• _Problem to work on_: For the material below, the expected output is exactly the lines between the line holding "Glanzend metalen scharnier" and the line holding "Load image into", inclusive, with pictures left out.

• _Data supplied_:
-- Opening Marker --
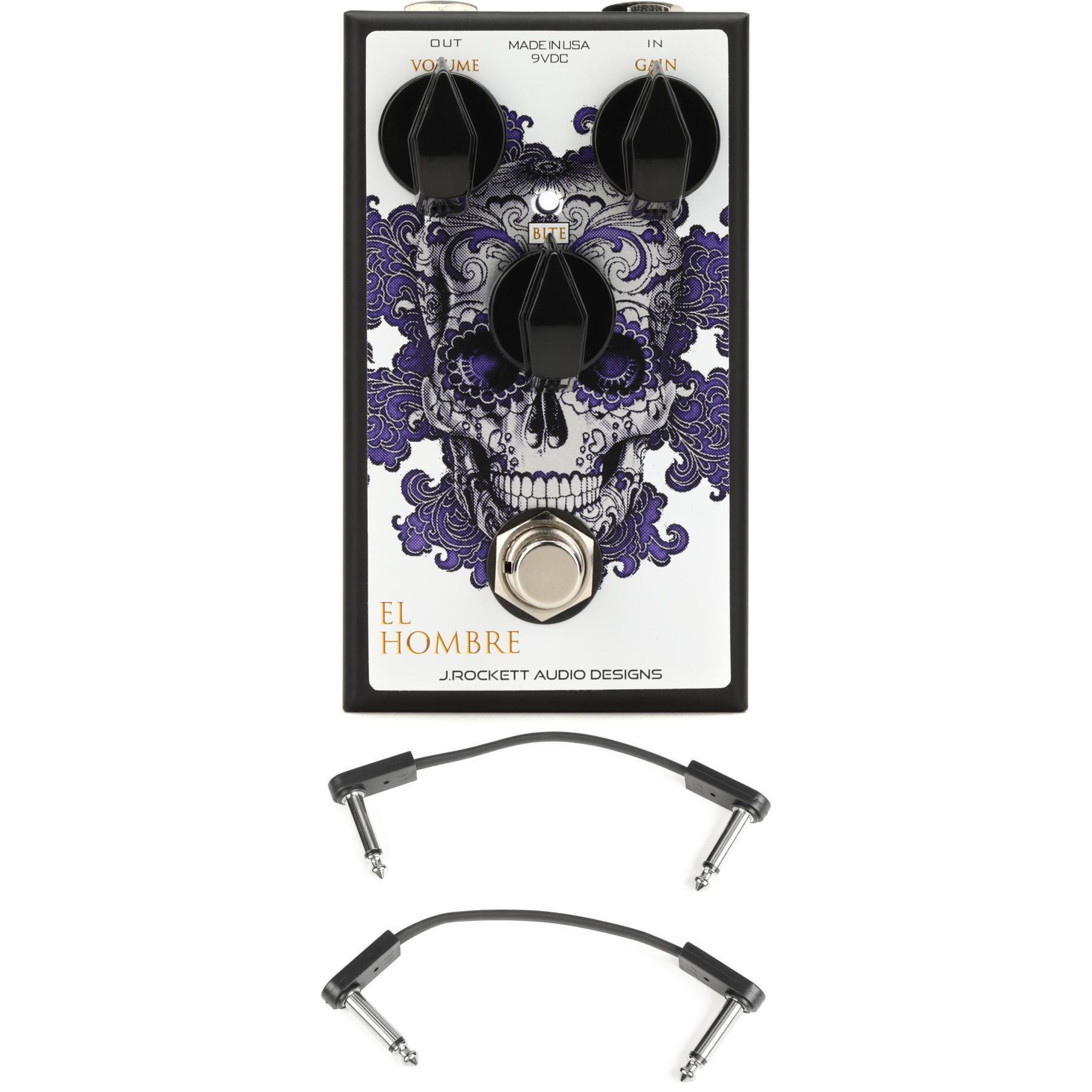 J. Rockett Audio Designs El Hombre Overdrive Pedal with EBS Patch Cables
-- Closing Marker --
-- Opening Marker --
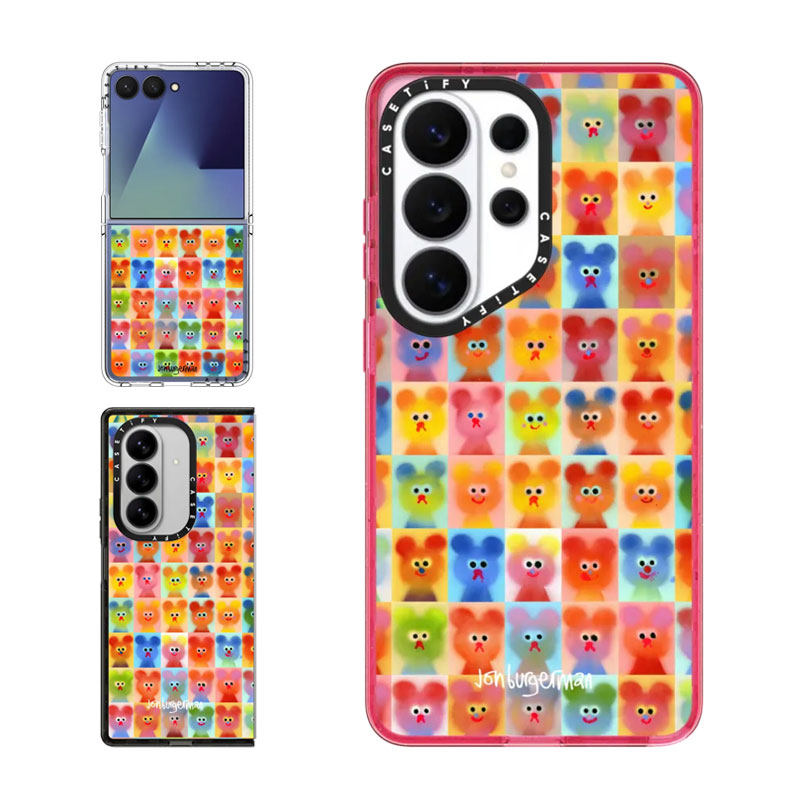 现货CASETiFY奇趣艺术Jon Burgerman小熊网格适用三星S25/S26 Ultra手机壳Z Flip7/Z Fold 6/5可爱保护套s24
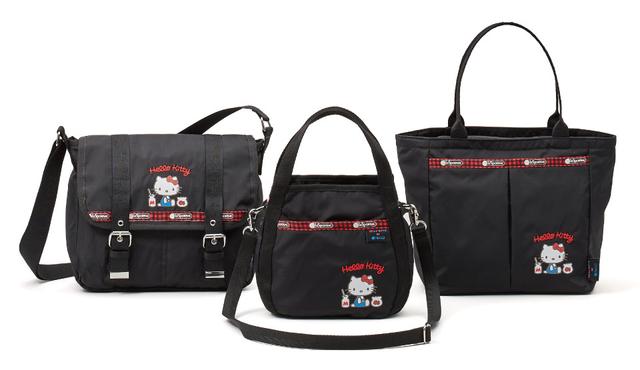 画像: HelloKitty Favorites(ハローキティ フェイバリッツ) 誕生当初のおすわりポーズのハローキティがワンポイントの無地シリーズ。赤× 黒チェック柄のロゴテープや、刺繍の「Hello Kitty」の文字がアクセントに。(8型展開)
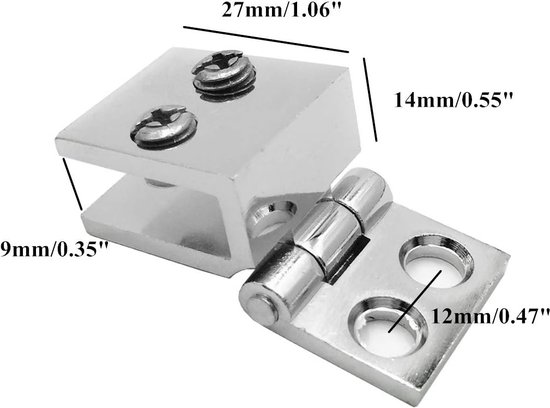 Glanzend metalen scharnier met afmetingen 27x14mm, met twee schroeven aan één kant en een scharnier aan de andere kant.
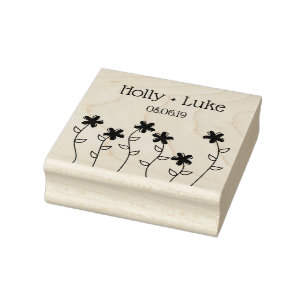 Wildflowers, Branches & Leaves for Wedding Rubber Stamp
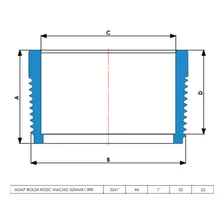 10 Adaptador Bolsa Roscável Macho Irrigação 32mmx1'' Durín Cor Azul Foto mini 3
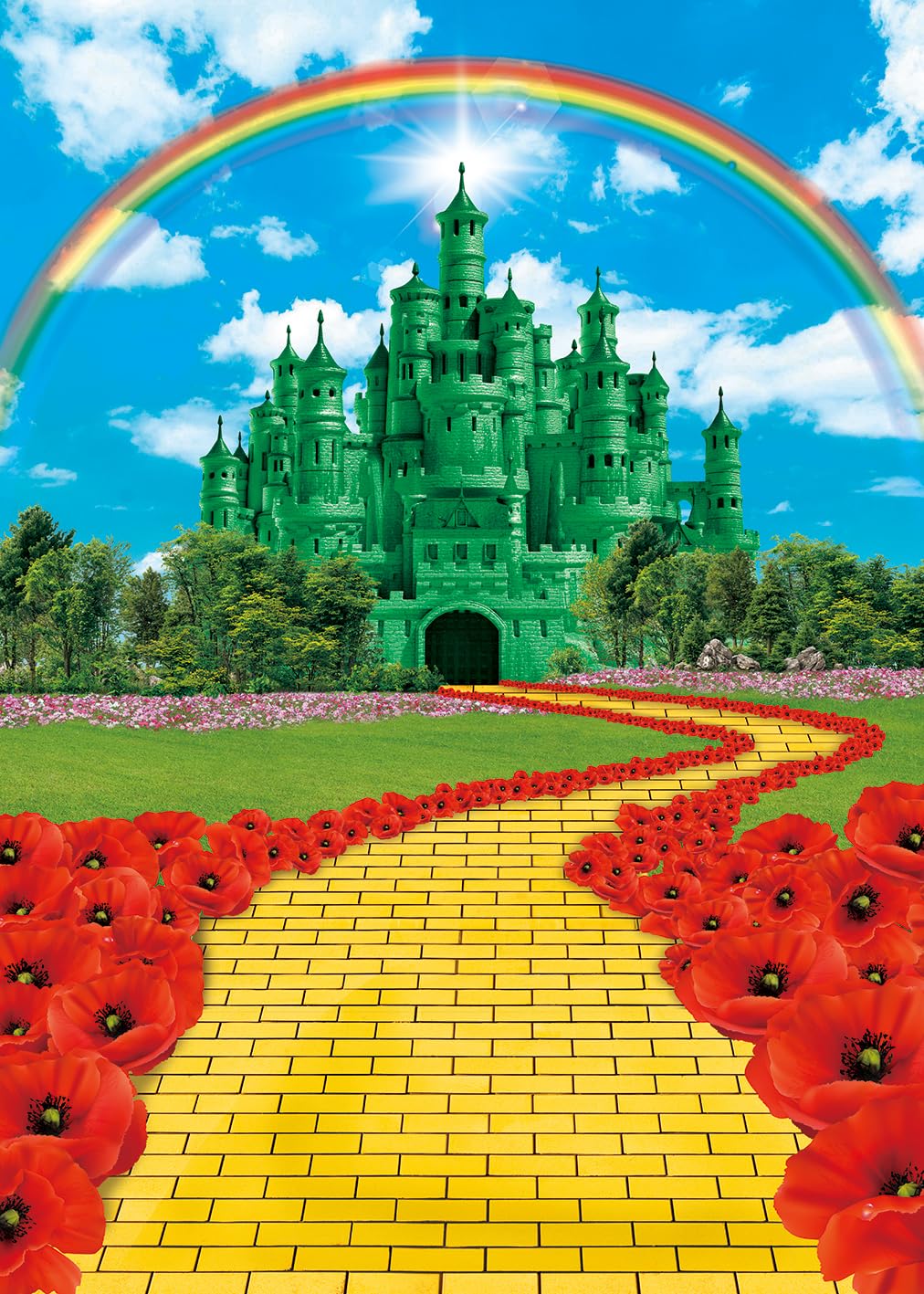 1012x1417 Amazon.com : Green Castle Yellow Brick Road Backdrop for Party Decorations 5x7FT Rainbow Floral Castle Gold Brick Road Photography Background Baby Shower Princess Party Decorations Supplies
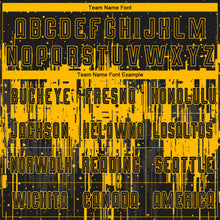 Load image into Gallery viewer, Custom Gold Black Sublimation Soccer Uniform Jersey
-- Closing Marker --
-- Opening Marker --
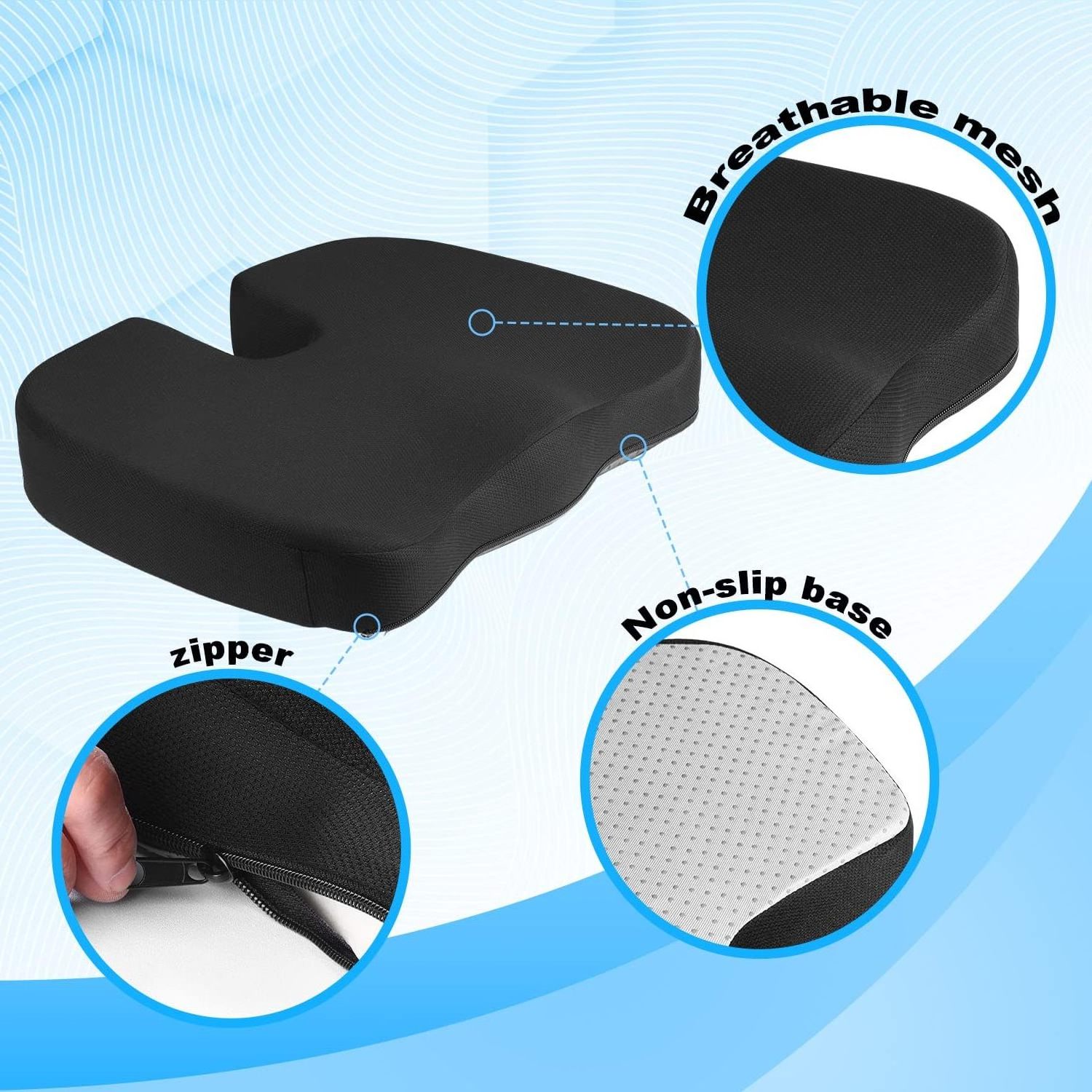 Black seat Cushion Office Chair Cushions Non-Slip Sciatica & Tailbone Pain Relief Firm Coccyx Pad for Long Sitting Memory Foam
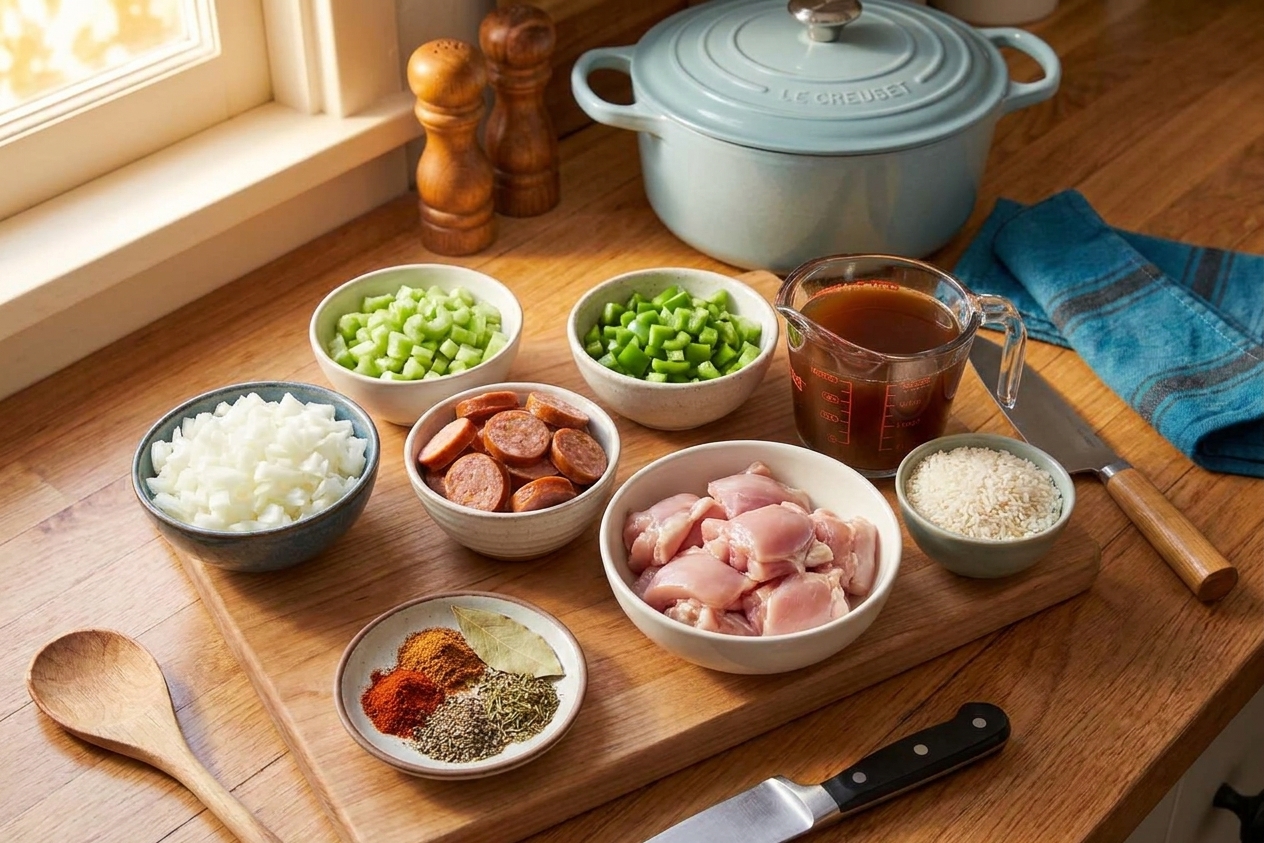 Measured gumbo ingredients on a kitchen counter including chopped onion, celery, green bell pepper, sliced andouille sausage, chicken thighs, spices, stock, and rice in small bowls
-- Closing Marker --
• _Answer for this exercise_:
 Glanzend metalen scharnier met afmetingen 27x14mm, met twee schroeven aan één kant en een scharnier aan de andere kant.
 Wildflowers, Branches & Leaves for Wedding Rubber Stamp
 10 Adaptador Bolsa Roscável Macho Irrigação 32mmx1'' Durín Cor Azul Foto mini 3
 1012x1417 Amazon.com : Green Castle Yellow Brick Road Backdrop for Party Decorations 5x7FT Rainbow Floral Castle Gold Brick Road Photography Background Baby Shower Princess Party Decorations Supplies
 Load image into Gallery viewer, Custom Gold Black Sublimation Soccer Uniform Jersey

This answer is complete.